### Problem requirements
Every line of the data that includes "Used" should be copied out.

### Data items

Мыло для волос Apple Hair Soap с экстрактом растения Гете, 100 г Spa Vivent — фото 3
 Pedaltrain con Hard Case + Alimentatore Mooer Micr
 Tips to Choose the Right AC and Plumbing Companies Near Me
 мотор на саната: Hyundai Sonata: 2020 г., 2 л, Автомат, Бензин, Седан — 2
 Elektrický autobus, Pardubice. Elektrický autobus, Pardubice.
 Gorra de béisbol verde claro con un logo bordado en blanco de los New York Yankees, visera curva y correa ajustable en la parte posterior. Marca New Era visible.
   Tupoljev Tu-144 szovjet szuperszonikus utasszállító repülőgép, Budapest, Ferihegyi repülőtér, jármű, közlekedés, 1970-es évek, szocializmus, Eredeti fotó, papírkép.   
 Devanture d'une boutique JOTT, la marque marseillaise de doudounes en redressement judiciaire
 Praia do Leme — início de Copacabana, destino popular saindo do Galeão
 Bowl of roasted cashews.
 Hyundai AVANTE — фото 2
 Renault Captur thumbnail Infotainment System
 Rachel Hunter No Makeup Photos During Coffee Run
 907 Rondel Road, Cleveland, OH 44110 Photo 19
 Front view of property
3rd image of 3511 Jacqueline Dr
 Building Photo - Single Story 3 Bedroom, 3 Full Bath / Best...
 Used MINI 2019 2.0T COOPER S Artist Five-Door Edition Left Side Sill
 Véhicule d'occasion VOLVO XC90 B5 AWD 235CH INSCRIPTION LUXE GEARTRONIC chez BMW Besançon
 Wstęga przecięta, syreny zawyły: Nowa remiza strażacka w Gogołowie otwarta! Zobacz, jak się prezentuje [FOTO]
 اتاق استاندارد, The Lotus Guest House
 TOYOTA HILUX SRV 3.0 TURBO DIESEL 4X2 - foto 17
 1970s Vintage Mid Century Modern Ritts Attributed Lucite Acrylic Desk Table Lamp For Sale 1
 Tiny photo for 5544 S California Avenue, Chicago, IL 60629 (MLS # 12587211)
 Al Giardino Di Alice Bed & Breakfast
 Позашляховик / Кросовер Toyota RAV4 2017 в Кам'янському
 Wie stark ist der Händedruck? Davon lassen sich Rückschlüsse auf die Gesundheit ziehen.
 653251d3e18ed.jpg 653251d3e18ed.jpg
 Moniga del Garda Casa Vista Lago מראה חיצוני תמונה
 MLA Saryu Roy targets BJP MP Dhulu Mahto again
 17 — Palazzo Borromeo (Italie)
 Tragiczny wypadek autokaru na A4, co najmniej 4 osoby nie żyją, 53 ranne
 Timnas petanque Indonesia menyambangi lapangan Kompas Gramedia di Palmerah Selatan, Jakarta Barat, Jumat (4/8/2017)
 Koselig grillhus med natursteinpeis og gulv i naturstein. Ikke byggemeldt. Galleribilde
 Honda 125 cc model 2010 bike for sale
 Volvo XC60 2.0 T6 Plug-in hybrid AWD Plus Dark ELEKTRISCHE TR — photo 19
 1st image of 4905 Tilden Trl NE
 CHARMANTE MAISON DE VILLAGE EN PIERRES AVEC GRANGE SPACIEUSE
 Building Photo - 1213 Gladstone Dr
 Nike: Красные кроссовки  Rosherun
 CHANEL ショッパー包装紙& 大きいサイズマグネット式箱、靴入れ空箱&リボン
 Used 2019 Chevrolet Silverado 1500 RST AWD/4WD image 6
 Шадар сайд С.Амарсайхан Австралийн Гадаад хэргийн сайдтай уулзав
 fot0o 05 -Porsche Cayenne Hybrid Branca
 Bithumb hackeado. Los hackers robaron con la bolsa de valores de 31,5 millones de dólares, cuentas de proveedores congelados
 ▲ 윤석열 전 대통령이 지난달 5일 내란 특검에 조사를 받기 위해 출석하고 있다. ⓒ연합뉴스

### Final answer
 Used MINI 2019 2.0T COOPER S Artist Five-Door Edition Left Side Sill
 Used 2019 Chevrolet Silverado 1500 RST AWD/4WD image 6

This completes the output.